Quelques initiatives en France… Lorsqu'on lui demande s'il existe une entreprise "siesto-compatible", Daniel Léger, co-auteur du rapport de Terra Nova, invite d'emblée à regarder du côté de Renault. La marque au losange teste depuis un an une salle de sieste dernier-cri pour son site du Plessis-Robinson, dans les Hauts-de-Seine, une annexe du siège social. Les 1.200 salariés du site peuvent accéder à sept cabines, avec un lit chacune et la possibilité de choisir la luminosité. Certes, la durée de la sieste est chronométrée : pas plus de 20 minutes par passage en cabine. Mais selon les chiffres communiqués par l'entreprise, cela semble séduire de plus en plus : en un an, la fréquentation est passée de 40 personnes par jour en moyenne à 60, avec un pic entre 11h et 15h, et ce sans que l'entreprise ait besoin de communiquer dessus.
"Les retours sont très positifs. Les salariés évoquent une déconnexion suffisante pour récupérer, et aucun conflit avec la hiérarchie. D'ailleurs, les managers aussi sont satisfaits et fréquentent la salle", raconte à Europe 1 le Dr Guillemette Latscha, médecin coordinateur du groupe. Concluant, le test va aboutir à l'ouverture d'une deuxième salle au Plessis-Robinson, et pourquoi pas à une extension au reste du groupe.

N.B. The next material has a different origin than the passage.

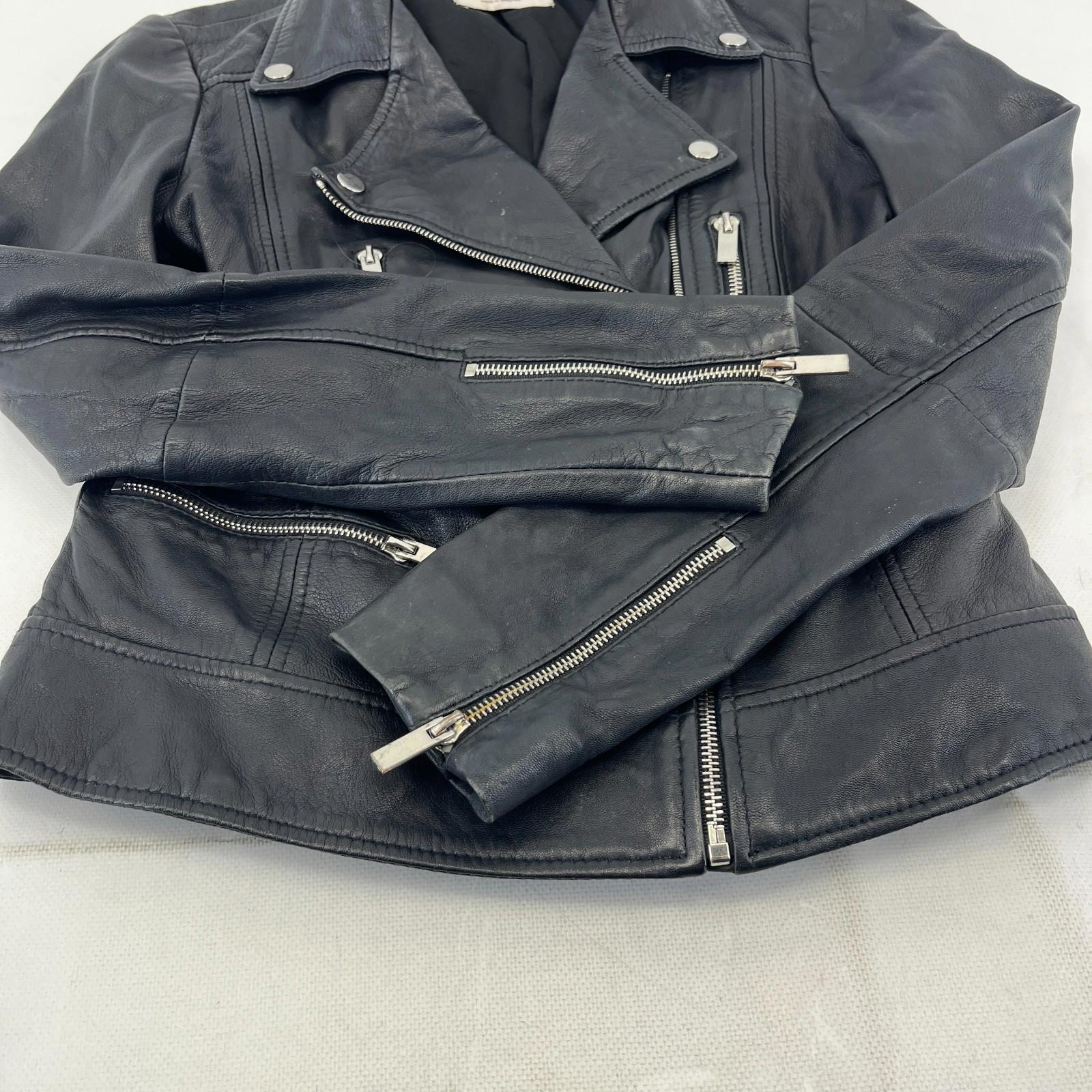 Mango Women's Genuine Soft Leather Biker Jacket in Black size Small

… Peu importe la taille de l'entreprise… Renault n'est pas la seule grande entreprise à proposer ce type de service. Le siège de Danone France met lui aussi à disposition une salle de sieste. D'autres entreprises, plus modestes, s'y sont mises également. Léa Nature, PME de 450 salariés qui fabrique des produits "Bio", à La Rochelle, s'est dotée d'une salle "zen", avec quatre transats, des matelas, lumière tamisée et musique douce. "Ce repos est compté dans le temps de pause. On ne paie pas nos salariés à faire la sieste!", explique Mireille Lizot, responsable du service de communication, interrogée par le site changerletravail.fr. Mais selon elle, "les employés sont plus efficaces" après une petite sieste.

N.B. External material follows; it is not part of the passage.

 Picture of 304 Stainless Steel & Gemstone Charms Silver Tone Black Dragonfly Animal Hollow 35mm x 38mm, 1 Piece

" Cela permet de faire un vrai break, de penser à autre chose "
Même son de cloche du côté des cabinets d'audit Davidson Consulting et Pricewaterhouse, ou encore de Novius, une start-up lyonnaise de création de sites web, qui offre à ses salariés une salle avec "trois gros poufs" pour la sieste. "Cela permet de faire un vrai break, de penser à autre chose voire de dormir, et de revenir reposer pour attaquer l'après-midi", témoigne Mathias Duret, consultant en stratégie digitale, contacté par Ouest France. "Le PDG lui-même est adepte de la sieste. Il porte un regard positif sur cette salle et il sait ses bénéfices", poursuit le salarié.
… Mais le sujet reste tabou. Pourtant, en France, les initiatives semblent limitées. Selon une étude de 2014 du cabinet Robert Half, seuls 47% des dirigeants d'entreprises françaises jugent "envisageable" l'instauration d'une sieste de 20 minutes par jour pour les salariés. Et 36% qualifient l'idée de "farfelue". Signe que la mode n'a pas encore vraiment pris : la société Sixta, qui proposait des services d'audit pour l'installation de salle de sieste, a dû suspendre son activité, rapporte le site changerletravail.fr. "En France, quand on veut offrir du bien-être aux salariés, on rajoute une machine à café et on augmente le budget du Comité d’entreprise. Les choses avancent, mais on a encore du pain sur la planche", explique également Antoine Mallet, gérant de ColorInside, société orléanaise qui aménage, entre autres, des salles de sieste en entreprise, citée par Le Monde.
Contactée par Europe 1, la direction d'Orange, qui a pourtant installé des salles de sieste sur certains sites, refuse d'ailleurs catégoriquement de communiquer sur le sujet. "J’ai dû me montrer très convaincante pour instaurer un espace calme" en Isère, racontait en juillet dernier Monique Fraysse-Guiglini, médecin de travail chez Orange, citée par Le Monde. Conclusion : on reste encore loin de la mentalité asiatique. En Chine, le droit à la sieste est inscrit dans la Constitution. Au Japon, la pratique est courante, et certaines entreprises imposent même la sieste à leurs salariés.